What the clause allows is fairly clear. It defines an ''authorised officer''. First, it could be an employee of the authority, but not just any old employee; it must be someone who is authorised in writing for the purpose of giving notices. As we have said, we will, in regulations or in guidance as appropriate, indicate the training that we expect people to have to be able to undertake that activity.
The second element is on page 28 in proposed new section 47(1)(b). The easiest thing is to read what it says. It refers to
''any person who, in pursuance of arrangements made with the authority, has the function of giving such notices and is authorised in writing by the authority to perform that function''.
That draws pretty widely the category of those who could undertake the work, whether the arrangement happened to be a contract with a company or an arrangement with another public body or even, conceivably, a non-governmental or voluntary organisation.
The third element is
''any employee of such a person who is authorised in writing by the authority for the purpose of giving such notices''.
In other words, if an organisation does work for a council—that would generally involve a contractual relationship—its employees could be authorised to undertake the work. That seems pretty comprehensive. Subsection (2) would give power to the appropriate person—we come back again to the Secretary of State and the National Assembly for Wales, respectively—to
''by regulations prescribe conditions to be satisfied by a person before a parish or community council may authorise him in writing for the purpose of giving notices under section 43(1).''
Those requirements would deal with the issue of whom it is appropriate to allow to issue notices, and what training is required.

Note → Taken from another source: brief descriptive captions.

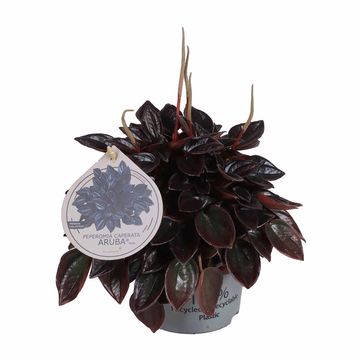 Peperomia caperata 'Aruba'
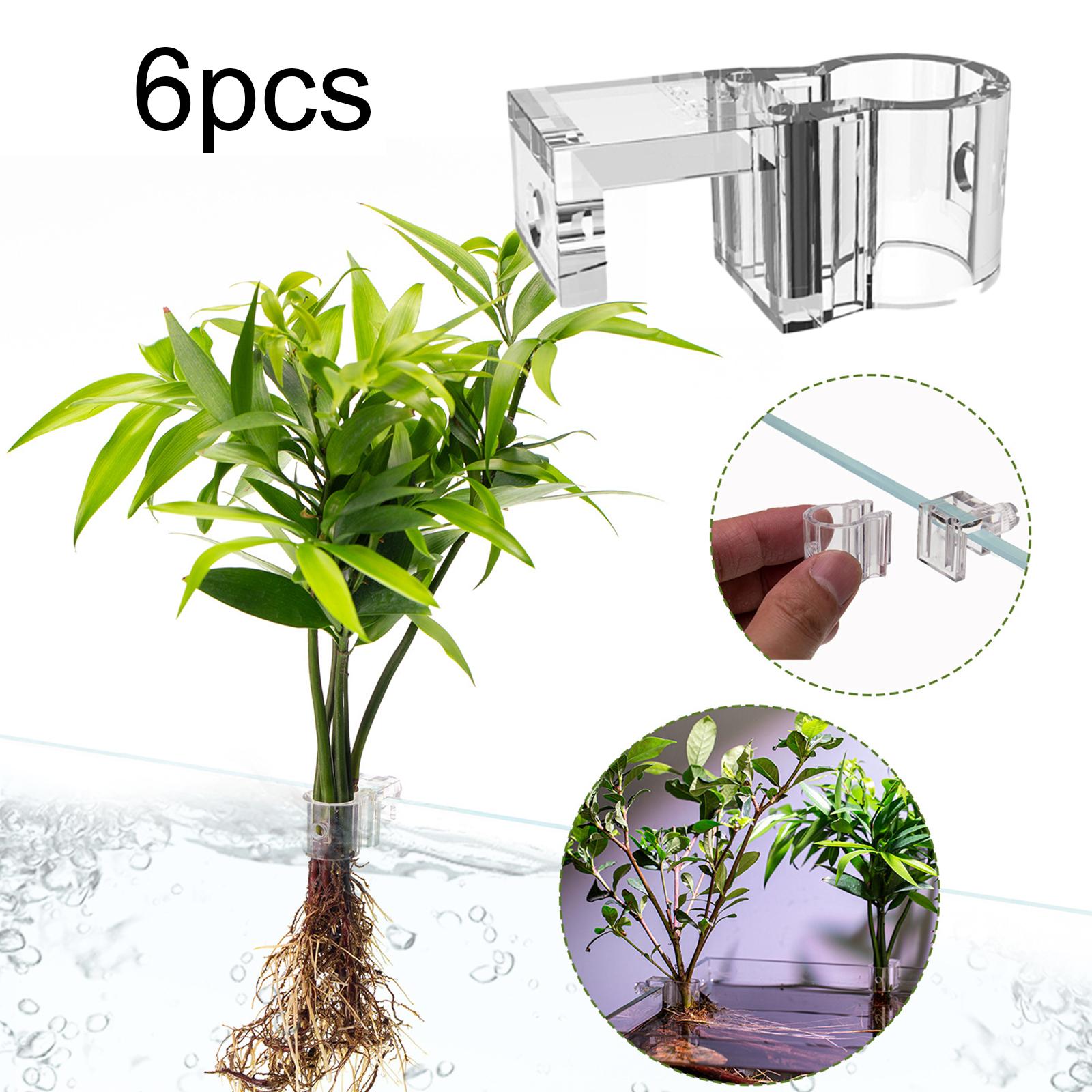 6Pcs Aquarium Plant Holder Sup - Aquarium Fertilizer ulasan dan harga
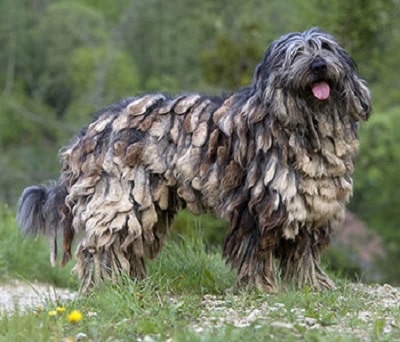 can bones cause disease in a bergamasco shepherd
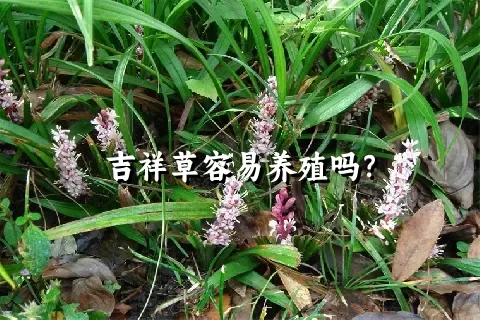 吉祥草容易养殖吗？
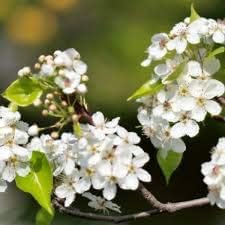 White Calleryana Flower seeds for Planting - Cut Flower Favorite, Heirloom & GMO Free Seeds for Home Garden
Sale for planting in home garden.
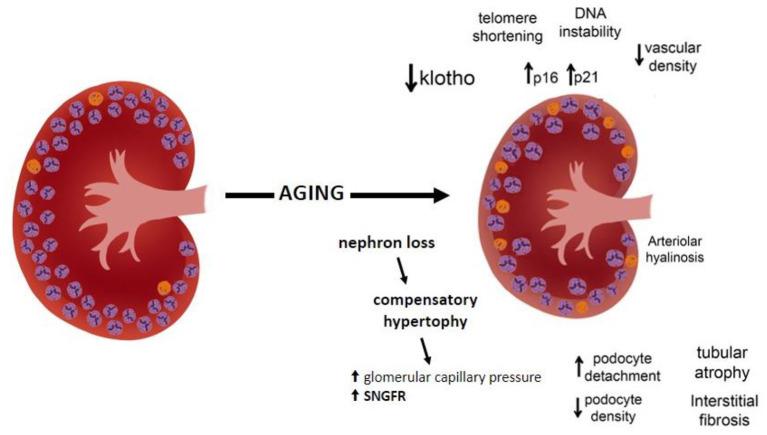 https://cdn.ncbi.nlm.nih.gov/pmc/blobs/1562/9519889/be594761de24/fmed-09-769329-g0001.jpg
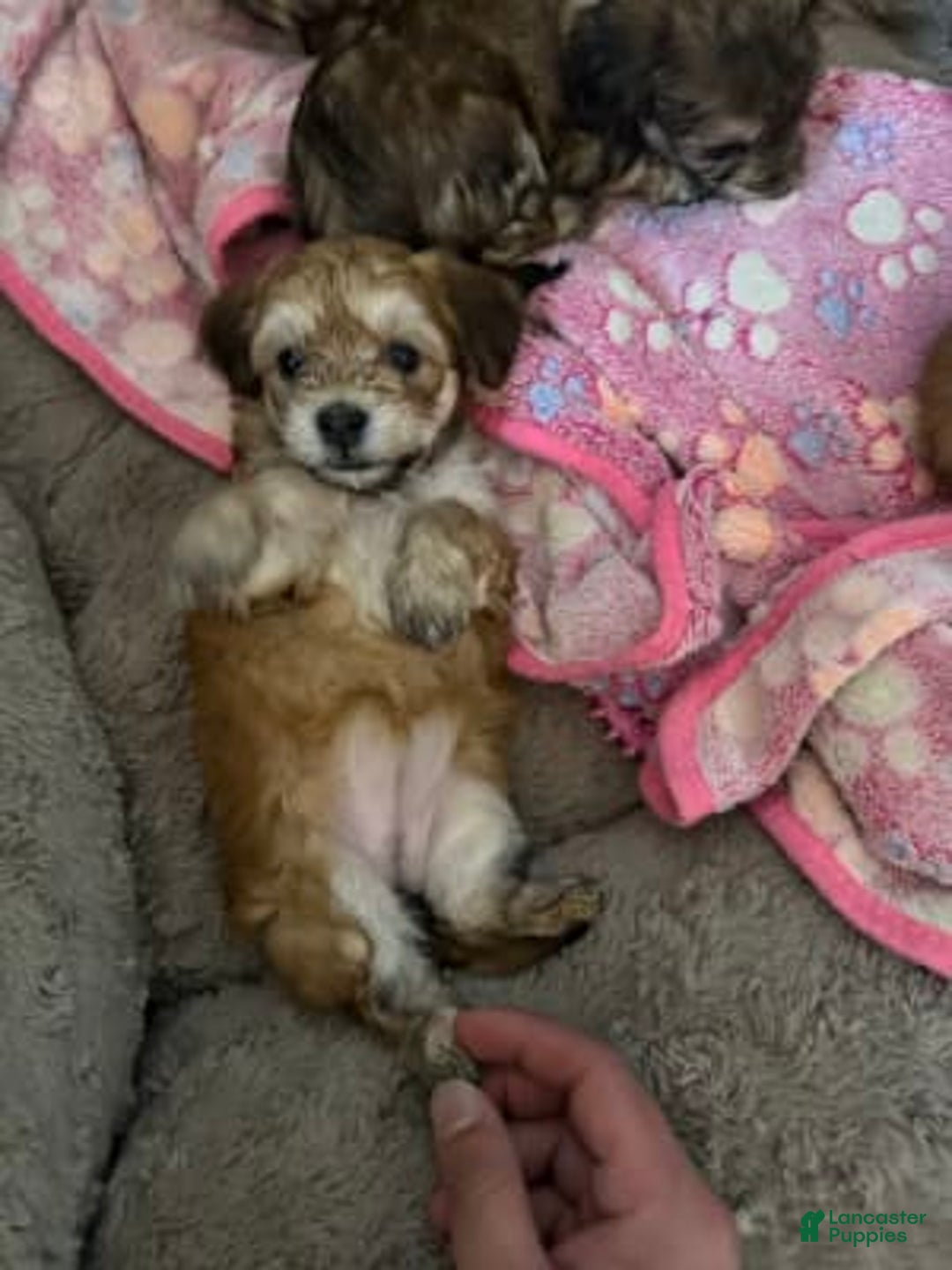 Gallery Image {{count}}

Does the Minister share my bafflement that the Conservatives appear to want to allow councils to enable virtually anyone but a council employee to issue fixed-penalty notices? Paragraphs (b) and (c) would enable the council to authorise somebody other than its employees to do so, but paragraph (a), which the Conservatives would delete, is about council employees. I am somewhat baffled, and I am sure that the Minister shares my bafflement.
The hon. Gentleman makes robustly the point that I made more gently to the hon. Member for Vale of York in an intervention. He is right, and I hope that she will withdraw the amendment.
I explained myself at some length. I take it that Environment Agency officers continue to be authorised to remove fly-posting because the Minister did not deny that, although he was not terribly clear. My amendment was, to all intents and purposes, a probing amendment.
The hon. Lady should note that that is permitted.